6. The living map is awesome. In previous Total War games, unallocated regions were always passive ‘rebel’ regions and would simply wait to be conquered. In Rome II every province has its own identity and agenda. Once you start the ball rolling on a campaign, crazy things happen. Crazy awesome things. In my current campaign I have watched Carthage get taken apart by the other (non-playable) African factions acting together. Sparta conquered Epirus and Athens conquered Egypt, and then both fell to Odryssia. The Suebi expanded to their south quite rapidly, then lost all their gains in a series of rebellions. Regardless of who you choose, you are playing on a living map, and it pays to be attentive to what is happening elsewhere, and take advantage where you can. I gained two provinces from Carthage in their long war, while remaining their trading partner, by swooping in to take over once the city had been deserted, or taken by a minor faction I felt safe in annoying.
With less than 100 turns played so far, the playable factions of Athens, Carthage, Egypt, Epirus, Macedon, and Sparta are all gone. Starting a new campaign, even as the same faction will start the ball rolling in a completely different direction. This speaks well for the game’s replayability as you will find yourself facing different circumstances even when repeating a faction.

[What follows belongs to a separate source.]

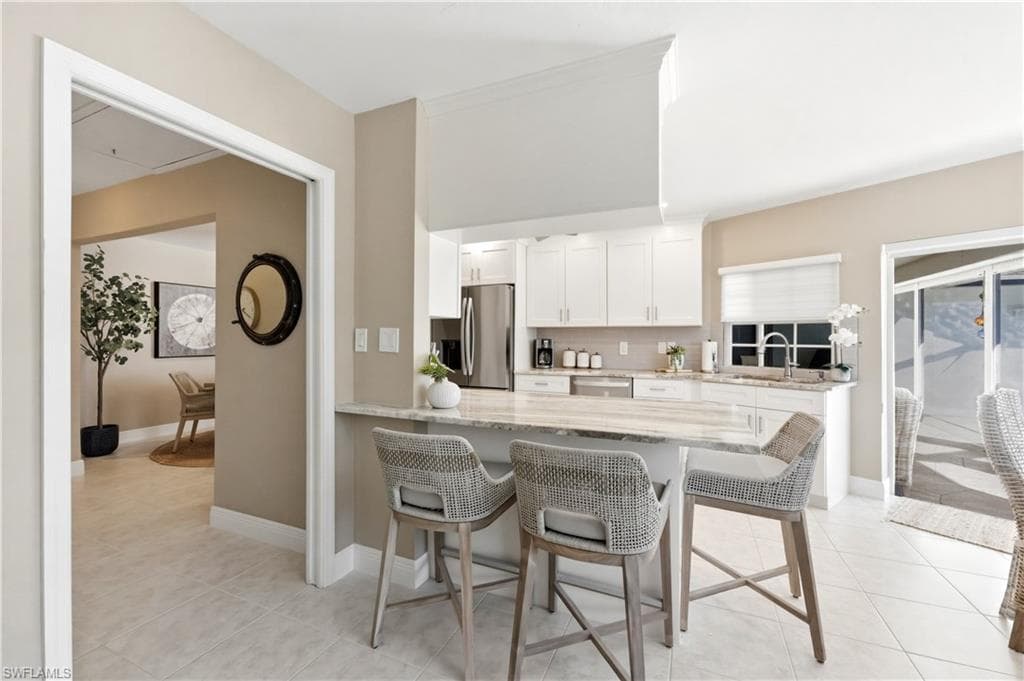 216 5th ST W-15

7. Battles are short but intense. Battles typically last four to six minutes, but they feel like an hour. Tactically, things are still there. Rushing horsemen down the flanks to attack bowmen and slingers works fine. Legionaries can hold until their fellows charge in from the flanks to break an enemy, but the amount of time to play through a battle has been compressed. The house could be on fire and I wouldn’t notice.
8. First impressions: good. This game is a great addition to the series. Some aspect, such as city management have been streamlined. Others, such as the factions, have been deepened. The experience so far has been superior to Rome. If nothing else, not forcing you to play a campaign as Rome to completion before unlocking any other faction as playable is a massive improvement. There is a lot to get the hang of though, and the game rewards careful planning and information gathering over simple military superiority (though that is important too).